This is the first pastel convention I've attended and it may be the last.
Whereas there were some highlights overall I was disappointed with the event. Primarily because the type of art I love the most wasn't being discussed.
When I studied with Nancy at the Masters' Atelier in Port Townsend, WA the goal was to be truthful about what I saw. To create something "as like" the thing I was seeing as possible. Sometimes that goal was a pain the in butt because the human eye sees so much, but the end results were always amazing and I love how my work looks. The other thing Nancy always emphasized was "why"--why are you making this painting? What story does it tell?
However, the current trend in pastel art seems to be towards fast, impressionistic, colorful works that are only loosely inspired by something observed in the natural world. The goal seems to be more about capturing a feeling through either gentle or aggressive abstraction.
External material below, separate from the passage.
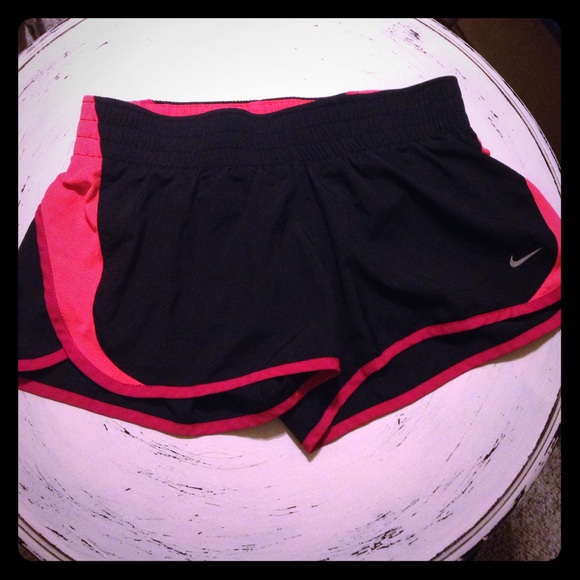 Nike dri-fit Final markdown donating April 1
As an example see below...on the left is the original photograph and on the right two different artist's depictions. These were completed in an hour during an event called "Dueling Artists". At the end of that hour both artists thought their works were finished.
Additionally there was no "why", no message, no story.
And I love stories!
For another example, here is the "Best In Show" 20" x 20" beautiful painting simply titled "Still Life with Imari" by Daniel Keys. In his description he says:
This piece is comprised of some treasured items that I've collected over the years. I love to gather such treasures for a complex still life composition and relish the opportunity to recreate all the color and light before me.
There is no doubt that this artist is very talented and I was drawn to this piece in the gallery. Many of the marks are raw pigment in blocks--i.e. more abstract. He expects the viewer to fill in the gaps -this is what I call a gentle abstraction--and it works but also feels blurry to me. And there is no story--just a random collection of items the artist liked.
The four days I attended IAPS included two day-long workshops held in a small room with 20 artists and four demonstrations (two or three hours each) in the dark (see photo above) with up to 50 artists, I learned a few tips here but came away with more frustration than anything else.
Much of what they talked about is in direct conflict with the art fundamentals I learned at the atelier. For them size didn't matter--make the mountain bigger if it is important to you. Creating accurate shapes didn't matter--just capture the idea of a leaf with a "s" stroke. Careful observation of color didn't matter--pick a pastel color close to what you see and use one stoke--no blending or mixing necessary.
Thankfully the "Candy Story" or vendor hall was interesting with pastels, papers, and accessories for sale. I came home some new paper to try out and a new wooden backpacker travel pastel box/easel by Edgmon Art in Arkansas which is a woman-owned business. In fact, the woman who designed and builds the boxes was there and autographed the one I purchased after we shared a big hug. The design of the box/easel is elegant and beautiful and I'm looking forward to getting out in the field for some landscape sketches and being able to travel easily with my pastels.
Additionally I felt out of place as an individual. Many of the IAPS attendees seemed to be female retirees over 70 who picked up pastels as a hobby whereas most of the instructors were a bit younger and a mix of men and women. From what I saw, the focus was on making "pretty" art--no one talked about creating thought-provoking art or using art to start a difficult conversation, both of which feels like important role for art in our society to me.
Overall it feels like I'm having a very hard time finding my "art tribe".
Upon reflection though, at least it was nice to spend a few days with people who care about creating art.